# What to work on
Only the lines from the first line of the entries through the line with "2008 Smart fortwo" belong in the answer, each restated word for word and without pictures.

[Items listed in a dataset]
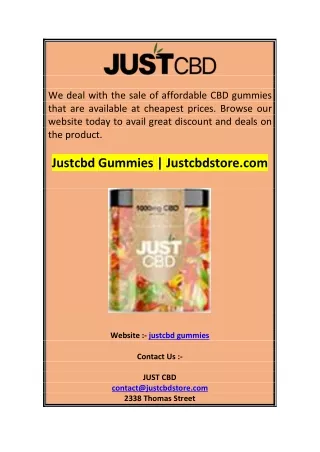 we deal with the sale of affordable cbd gummies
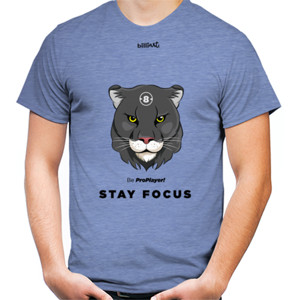 Kaos Stay Focus| Head of Panther | billiArt Shirt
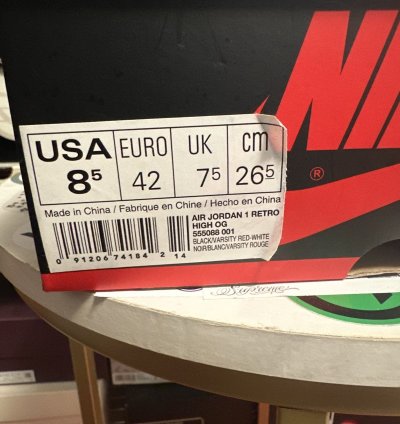 Bred Air Jordan 1 ( BANNED )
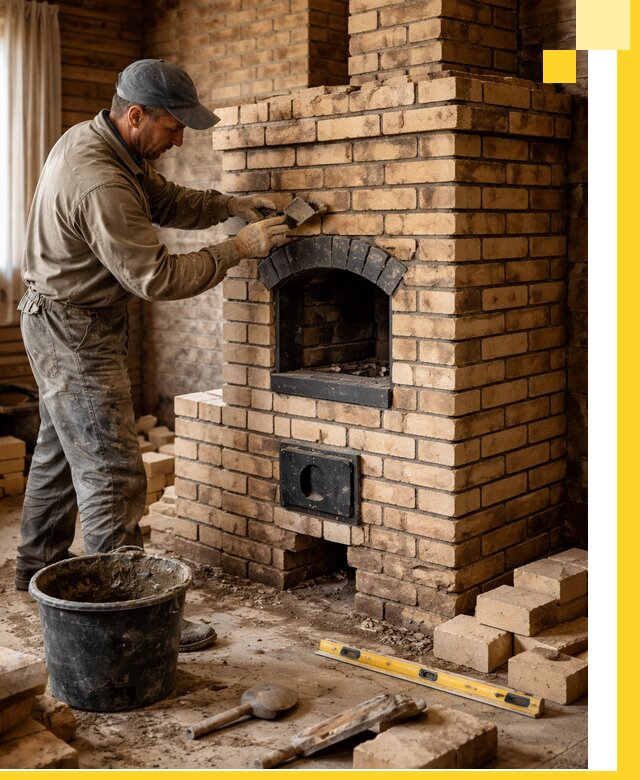 Кирпичные печи под ключ в Зеленокумске: проектирование и кладка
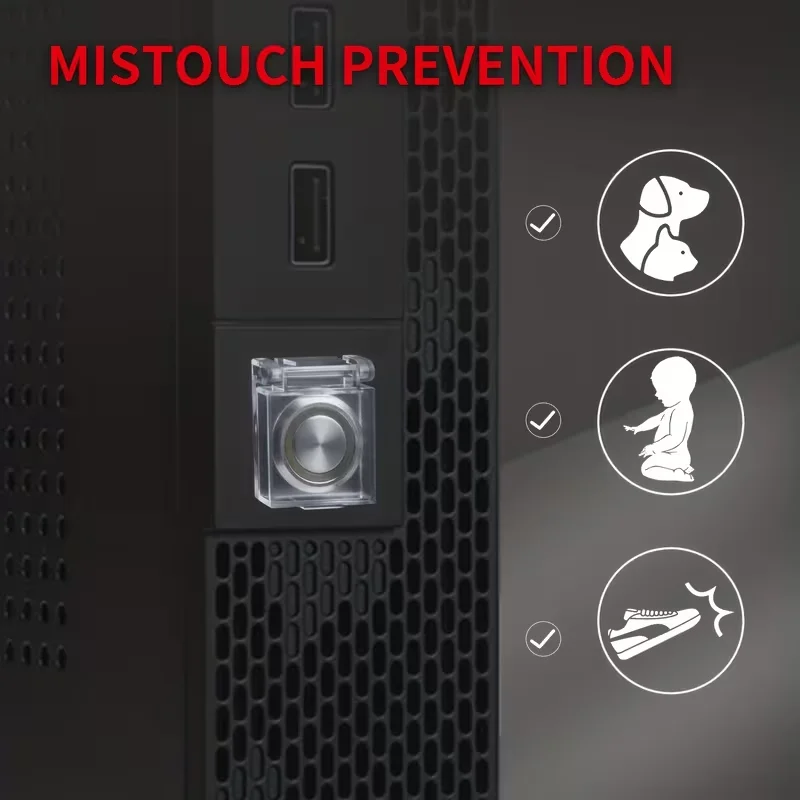3PCS 16mm Transparent Switch Protection Cover Button Switch Protection Box DIY Push Button Dust Box Power Safety Cover Cap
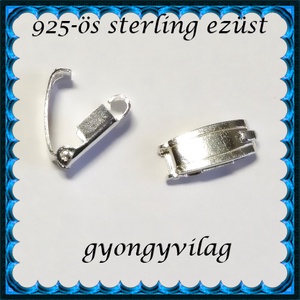 925-ös ezüst 1soros lánckapocs ELK 1S 40 - gyöngy, ékszerkellék - egyéb alkatrész - Meska.hu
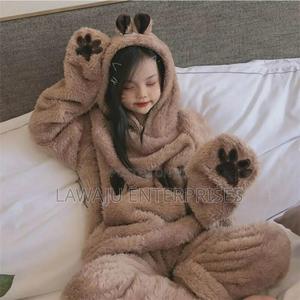 Brown Flannel Pyjamas - thumbnail 2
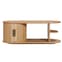 Vevey Wooden Coffee Table With Storage In Natural Oak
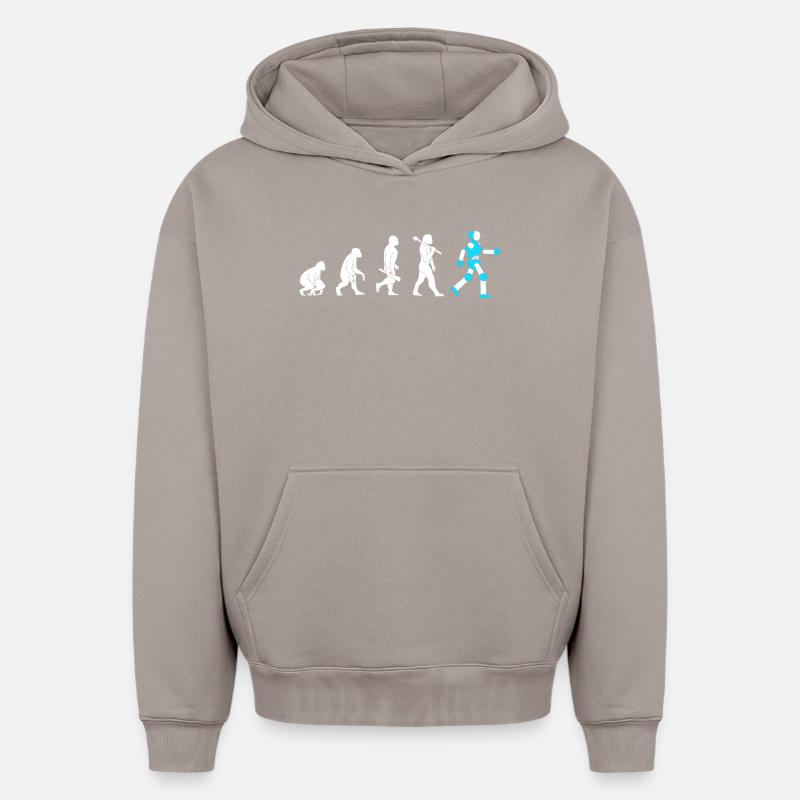 Intelligence artificielle GPT - Sweat à capuche unisexe oversize épais SPREAD - taupe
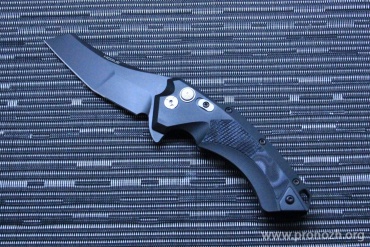 �������� ��� Hogue X5 3.5"  Wharncliffe Flipper, Black Blade, Black Aluminum Handle / G-Mascus G10 Insert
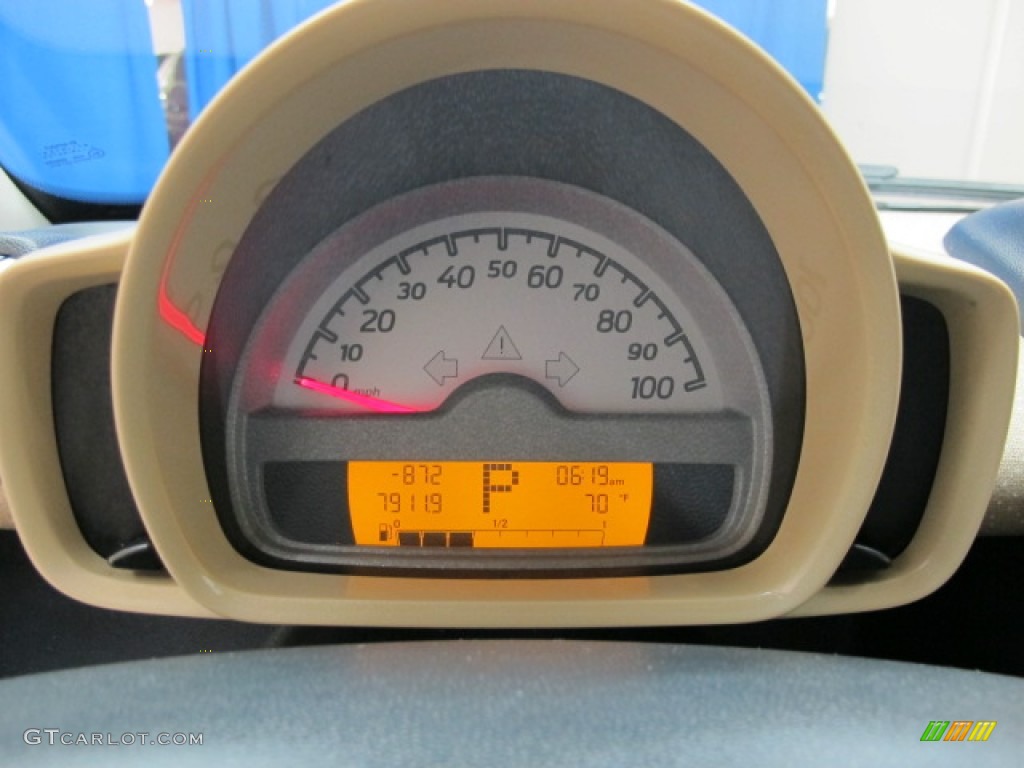 2008 Smart fortwo passion coupe Gauges Photo #69444712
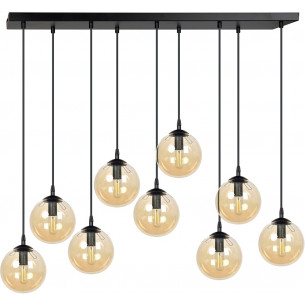 Cosmo IX black&amp;honey glass balls pendant lamp Emibig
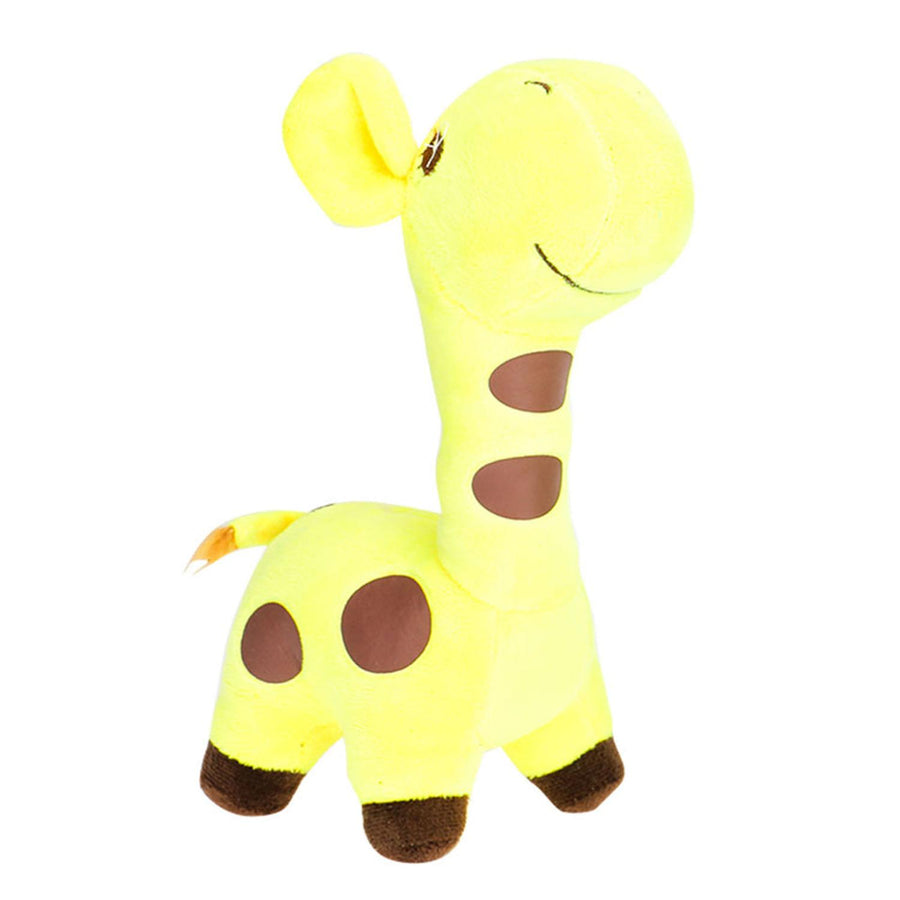 Jirafa de Peluche Amarillo 12x25cm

# Your response
 we deal with the sale of affordable cbd gummies
 Kaos Stay Focus| Head of Panther | billiArt Shirt
 Bred Air Jordan 1 ( BANNED )
 Кирпичные печи под ключ в Зеленокумске: проектирование и кладка
3PCS 16mm Transparent Switch Protection Cover Button Switch Protection Box DIY Push Button Dust Box Power Safety Cover Cap
 925-ös ezüst 1soros lánckapocs ELK 1S 40 - gyöngy, ékszerkellék - egyéb alkatrész - Meska.hu
 Brown Flannel Pyjamas - thumbnail 2
 Vevey Wooden Coffee Table With Storage In Natural Oak
 Intelligence artificielle GPT - Sweat à capuche unisexe oversize épais SPREAD - taupe
 �������� ��� Hogue X5 3.5"  Wharncliffe Flipper, Black Blade, Black Aluminum Handle / G-Mascus G10 Insert
 2008 Smart fortwo passion coupe Gauges Photo #69444712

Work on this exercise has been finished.